Nigo, who like Kenzo’s founder uses just one name, is best known for his brand A Bathing Ape, or Bape. He opened his first T-shirt shop in Japan in 1993, and his camouflage pattern helped vault him to streetwear fame: Before the lines appeared outside Supreme in New York, they formed in Tokyo outside Bape.
In a news release, Nigo pointed out that not only had he entered fashion the same year LVMH acquired Kenzo, but he was born in 1970, “the year that Takada Kenzo san opened his first store in Paris. We both graduated from the same fashion school in Tokyo.”
And like Kenzo, Nigo added, he has a view of creativity rooted in “understanding of many different cultures.” Taking over the brand, he said, will be the “greatest challenge of my 30-year career.”
Nigo started a new brand called Human Made in 2010, and in 2011 sold 90 percent of his Bape shares to the Hong Kong fashion conglomerate I.T., leaving the brand officially in 2013. Later he joined Uniqlo as creative director of the UT Collection.
His longtime practice of partnerships and capsule collaborations — founding Billionaire Boys Club and Icecream with Pharrell Williams, collaborating with Adidas, Coca-Cola, Mac Cosmetics, Kanye West and Kaws — gradually brought him into the fold of another avid collaborator: Virgil Abloh.
Indeed, Mr.

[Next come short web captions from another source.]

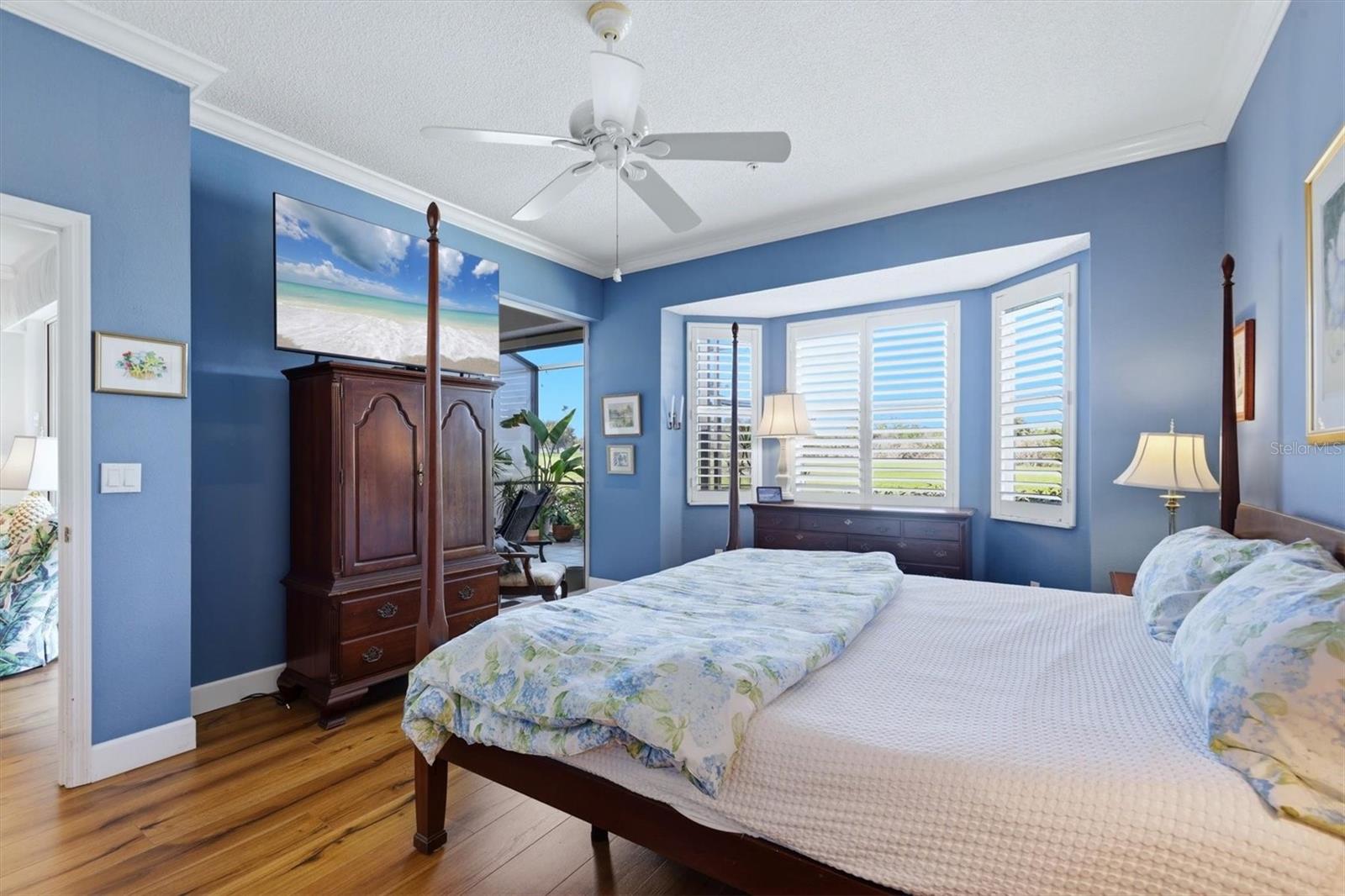 HERITAGE OAKS GOLF & COUNTRY CLUB - Residential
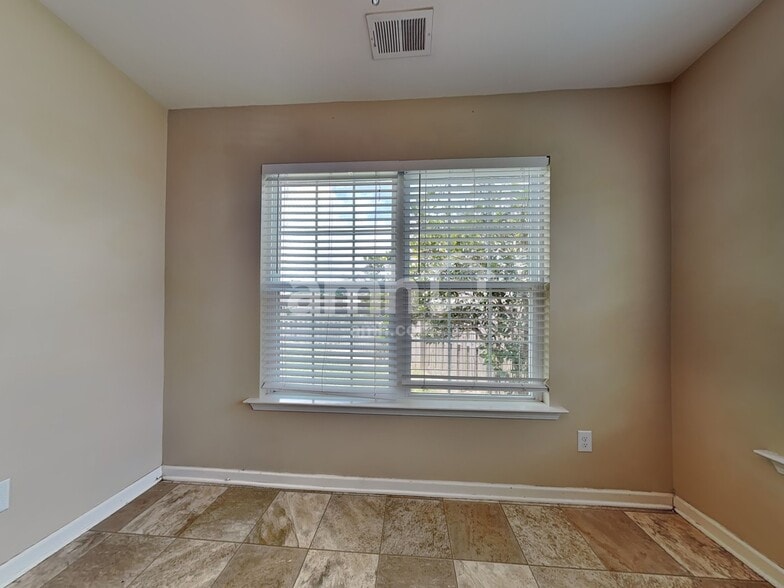 Building Photo - 42 Sand Valley Ct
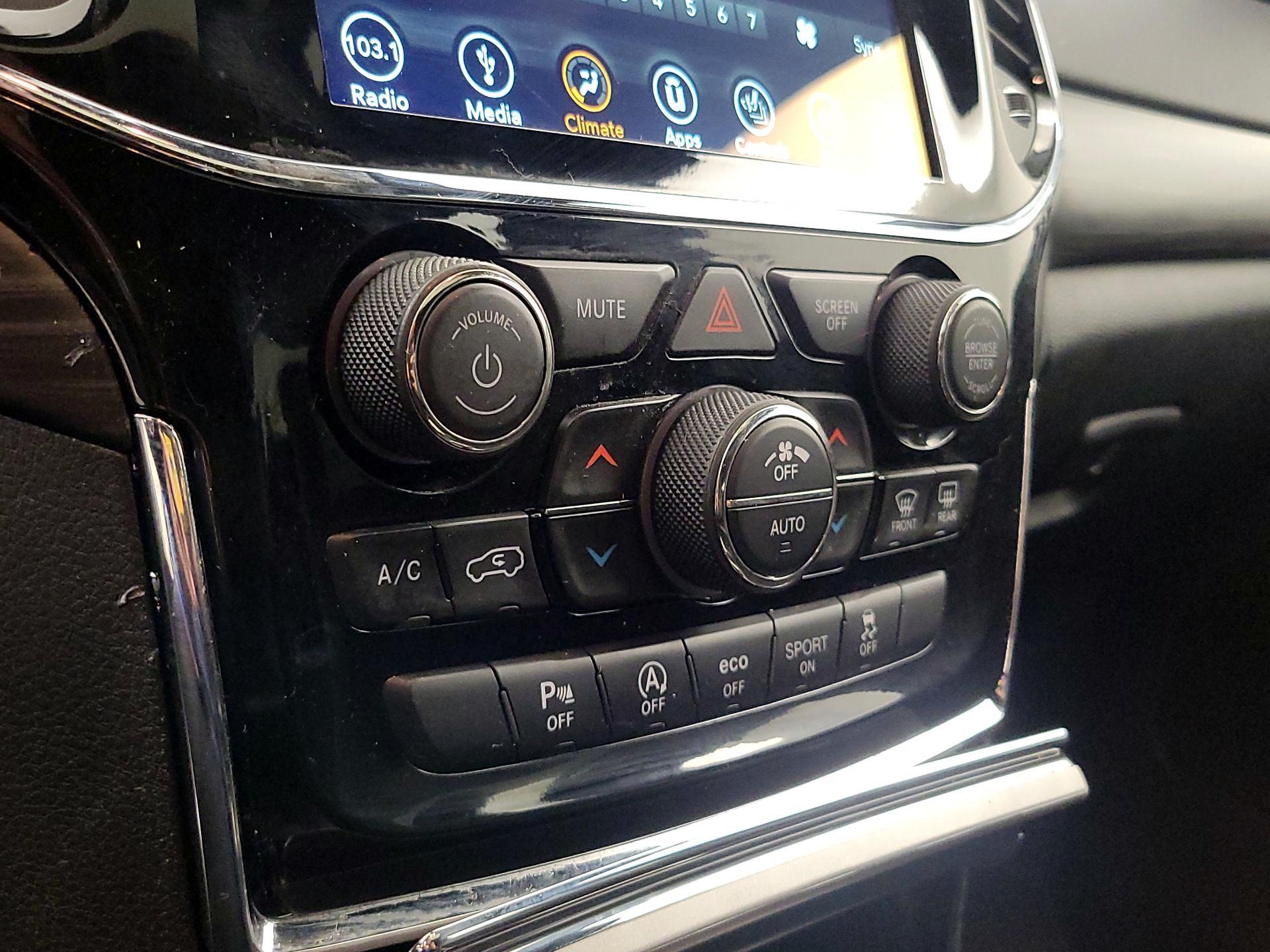 Thumbnail: 2019 Jeep Grand Cherokee - 17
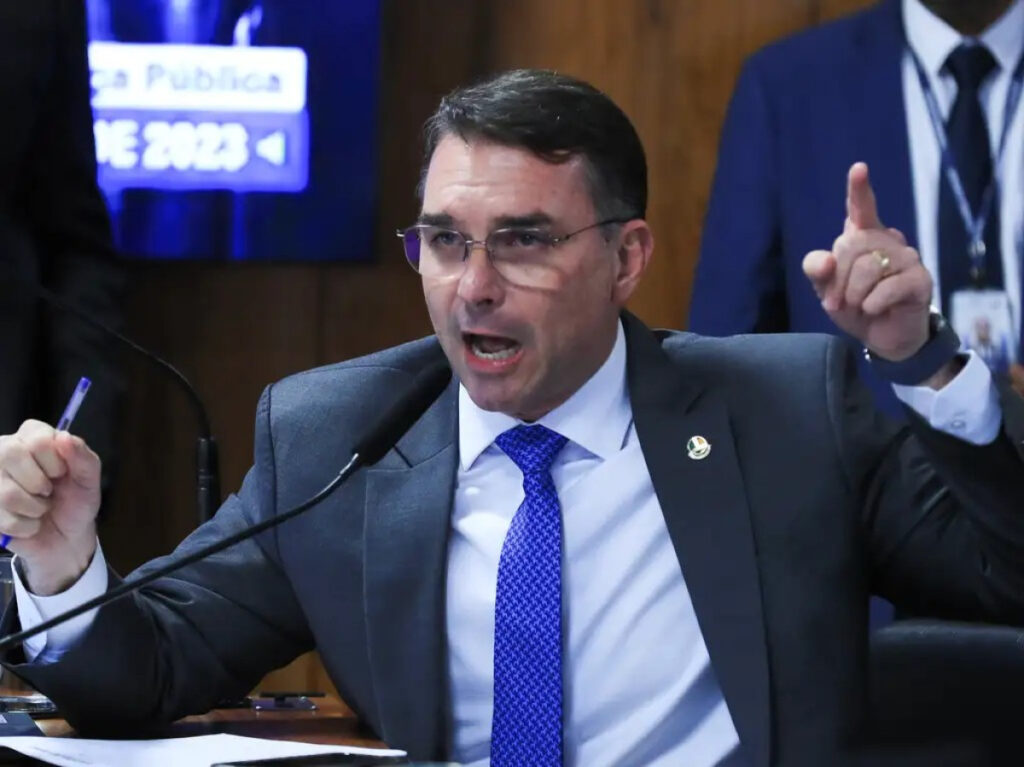 Flávio defende reduzir maioridade penal para 14 anos em crimes hediondos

Abloh told Vogue that Nigo was “among the first real mentors I had in fashion.” Little wonder that in late 2019, as Mr. Abloh settled into his role as artistic director of men’s wear at Louis Vuitton, he chose Nigo as his first official collaborator. Together they made large checkerboard-pattern tailored suits, and added a melting motif to clashing logo-plastered bags. LVMH executives took note.
That was when Kenzo was still being designed by Mr. Baptiste, who emphasized sustainable fabrics and a subdued aesthetic. (His predecessors, Carol Lim and Humberto Leon, the taste-making founders of the boutique Opening Ceremony who ran Kenzo from 2011 to 2019, had brought contemporary pricing and a more streetwear vibe to the brand.)
Now, Sidney Toledano, LVMH Fashion Group chairman and chief executive, said in a statement, “The arrival of an extremely talented Japanese designer will allow us to write a new page in the history of the house that Takada Kenzo founded.”
Nigo is to start at Kenzo on Monday, one week before Paris Fashion Week begins.